Les nouveaux avocats
Pour l’essentiel constitué de jeunes femmes collaboratrices, ce groupe travaille surtout en contentieux, majoritairement avec des entreprises. La volonté d’aider et d’accompagner les clients est très prégnante dans cette catégorie, consciente cependant du fait que l’image commune de l’avocat ne correspond pas à la réalité du travail accompli au quotidien. Les nouveaux avocats sont plutôt satisfaits de leur situation (87 %) mais regrettent toutefois de n’avoir pas plus de temps libre. On notera un point d’insatisfaction plus marqué dans ce groupe relatif aux questions d’égalité de traitement entre hommes et femmes (48 % d’insatisfaction contre 28 % sur l’ensemble). Les personnes interrogées expriment leur volonté d’étendre leur activité et sont globalement confiantes sur l’avenir de la profession et très optimistes, tant globalement que par rapport à leur situation particulière, estimant même que la situation s’est améliorée depuis la pandémie. Le groupe est composé de personnes qui aspirent à se former dans plusieurs domaines, mais qui attendent aussi de la profession qu’elle les accompagne dans leur évolution de carrière. Elles sont attentives à l’équilibre vie professionnelle et vie personnelle et se disent conscientes de l’évolution technologique et de son rôle dans la profession mais n’en sont pas inquiètes, estimant plutôt, à l’instar des premiers de cordée, qu’il s’agit d’opportunités. En revanche, les personnes de ce groupe ont beaucoup moins de certitudes quant à leur avenir. Elles ne se voient pas exercer la profession durant toute leur vie et souhaitent pouvoir évoluer. Ainsi, 65 % pourrait quitter la profession, contre 36 % sur l’ensemble, 61 % se spécialiser dans un autre domaine et 63 % s’associer à d’autres avocats individuels.
Les insatisfaits
La dernière typologie identifiée dans l’étude rassemble des avocats expérimentés plutôt âgés, et ayant une grande sensibilité au contact humain avec une clientèle majoritairement composée de particuliers. Ces personnes regrettent la disparition d’une certaine forme d’exercice, liée à l’oralité et à l’industrialisation du métier. Elles expriment leur insatisfaction (80 % contre 19 % pour l’ensemble, avec 15 % de personnes pas du tout satisfaites), surtout quant à leur niveau de rémunération qui leur paraît en inadéquation avec leur expérience. Ces avocats se plaignent d’épuisement psychologique, causé notamment par de nouveaux outils comme le RPVA face aux dysfonctionnements desquels ils sont impuissants.
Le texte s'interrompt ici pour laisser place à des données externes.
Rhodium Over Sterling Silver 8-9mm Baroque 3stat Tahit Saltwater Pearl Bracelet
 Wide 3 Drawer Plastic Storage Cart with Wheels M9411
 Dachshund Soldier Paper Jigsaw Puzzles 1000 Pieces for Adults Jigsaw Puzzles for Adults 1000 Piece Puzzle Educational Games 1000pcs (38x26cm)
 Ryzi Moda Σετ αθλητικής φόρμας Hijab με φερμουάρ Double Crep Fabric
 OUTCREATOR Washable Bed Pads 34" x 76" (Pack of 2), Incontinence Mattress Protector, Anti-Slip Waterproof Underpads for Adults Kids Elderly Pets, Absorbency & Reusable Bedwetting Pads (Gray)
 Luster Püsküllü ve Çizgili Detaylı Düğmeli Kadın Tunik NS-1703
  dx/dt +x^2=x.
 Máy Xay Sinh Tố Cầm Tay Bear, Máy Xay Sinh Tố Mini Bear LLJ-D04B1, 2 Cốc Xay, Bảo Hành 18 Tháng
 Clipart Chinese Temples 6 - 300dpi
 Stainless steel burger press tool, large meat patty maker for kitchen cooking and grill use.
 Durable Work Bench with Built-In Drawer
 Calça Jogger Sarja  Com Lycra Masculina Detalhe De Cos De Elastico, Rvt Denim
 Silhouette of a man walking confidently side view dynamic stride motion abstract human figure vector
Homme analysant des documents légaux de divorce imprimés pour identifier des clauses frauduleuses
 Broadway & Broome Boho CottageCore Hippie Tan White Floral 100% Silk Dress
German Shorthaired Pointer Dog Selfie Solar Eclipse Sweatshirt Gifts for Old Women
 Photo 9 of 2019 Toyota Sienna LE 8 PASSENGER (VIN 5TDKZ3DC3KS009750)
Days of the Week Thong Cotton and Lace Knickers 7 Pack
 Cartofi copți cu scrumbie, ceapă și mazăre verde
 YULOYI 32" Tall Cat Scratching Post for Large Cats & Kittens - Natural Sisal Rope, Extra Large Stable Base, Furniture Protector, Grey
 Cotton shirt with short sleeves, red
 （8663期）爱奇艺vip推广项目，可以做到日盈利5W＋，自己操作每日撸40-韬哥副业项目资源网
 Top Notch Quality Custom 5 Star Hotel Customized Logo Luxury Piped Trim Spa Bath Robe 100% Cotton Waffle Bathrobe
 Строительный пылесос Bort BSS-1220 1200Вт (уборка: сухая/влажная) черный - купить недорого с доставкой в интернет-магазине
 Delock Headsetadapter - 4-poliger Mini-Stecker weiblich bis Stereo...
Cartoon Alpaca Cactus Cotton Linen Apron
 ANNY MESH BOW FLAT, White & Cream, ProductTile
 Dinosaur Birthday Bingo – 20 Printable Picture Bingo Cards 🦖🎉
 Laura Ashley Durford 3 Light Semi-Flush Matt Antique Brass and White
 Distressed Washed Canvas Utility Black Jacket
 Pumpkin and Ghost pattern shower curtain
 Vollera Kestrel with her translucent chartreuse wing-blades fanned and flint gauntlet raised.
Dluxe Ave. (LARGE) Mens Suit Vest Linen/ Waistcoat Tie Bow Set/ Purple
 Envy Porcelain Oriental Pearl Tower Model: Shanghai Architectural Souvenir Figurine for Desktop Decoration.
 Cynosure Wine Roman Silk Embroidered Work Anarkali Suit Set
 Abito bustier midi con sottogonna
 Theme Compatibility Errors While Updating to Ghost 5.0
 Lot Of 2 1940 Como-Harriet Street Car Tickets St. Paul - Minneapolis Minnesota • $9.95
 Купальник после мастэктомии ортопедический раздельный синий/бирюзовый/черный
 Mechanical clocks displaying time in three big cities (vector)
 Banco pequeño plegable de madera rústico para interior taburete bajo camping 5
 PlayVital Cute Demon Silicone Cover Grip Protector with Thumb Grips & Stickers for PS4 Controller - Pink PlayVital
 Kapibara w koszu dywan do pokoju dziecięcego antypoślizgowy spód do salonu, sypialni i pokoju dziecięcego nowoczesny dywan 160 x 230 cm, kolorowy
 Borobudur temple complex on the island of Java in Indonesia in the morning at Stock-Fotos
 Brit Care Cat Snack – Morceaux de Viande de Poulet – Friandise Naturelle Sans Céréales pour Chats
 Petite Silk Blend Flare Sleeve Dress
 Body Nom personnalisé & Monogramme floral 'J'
Ces avocats regrettent la dégradation des relations avec les autres professions du droit, notamment avec leurs confrères pour 36 % et avec les magistrats pour 49 %, ainsi qu’avec leurs clients (16 %). Ils indiquent être exposés quotidiennement à des violences et disent subir beaucoup de pression, du fait des délais, de l’obligation de se rendre disponible à tout moment et de leur charge de travail. Ils renoncent souvent à se former et estiment leur exercice menacé par les évolutions technologiques. Une majorité d’entre eux envisage de quitter la profession (57 %) ou de prendre sa retraite (31 %) et exprime son pessimisme quant à l’avenir de la profession (86 %) ou à sa propre situation (77 %). Ce groupe semble avoir été très touché par la pandémie, puisque 46 % d’entre eux disent faire face à une baisse d’activité, 26 % estimant même que la vie de leur cabinet est menacée.
Le directeur de l’Observatoire, Roy Spitz, remarque que le nombre de personnes entrant dans la catégorie des insatisfaits est en augmentation. « C’est inquiétant car ce sont des profils qui ne pensent pas pouvoir faire autre chose et se sentent prisonniers dans leur métier », observe-t-il. Il constate dans le même temps que le profil des avocats traditionnel a, quant à lui évolué, et note que de plus en plus de personnes exerçant en individuel, quelle que soit la typologie à laquelle elles appartiennent, ne voient pas comment évoluer dans leur carrière sans rejoindre d’autres personnes.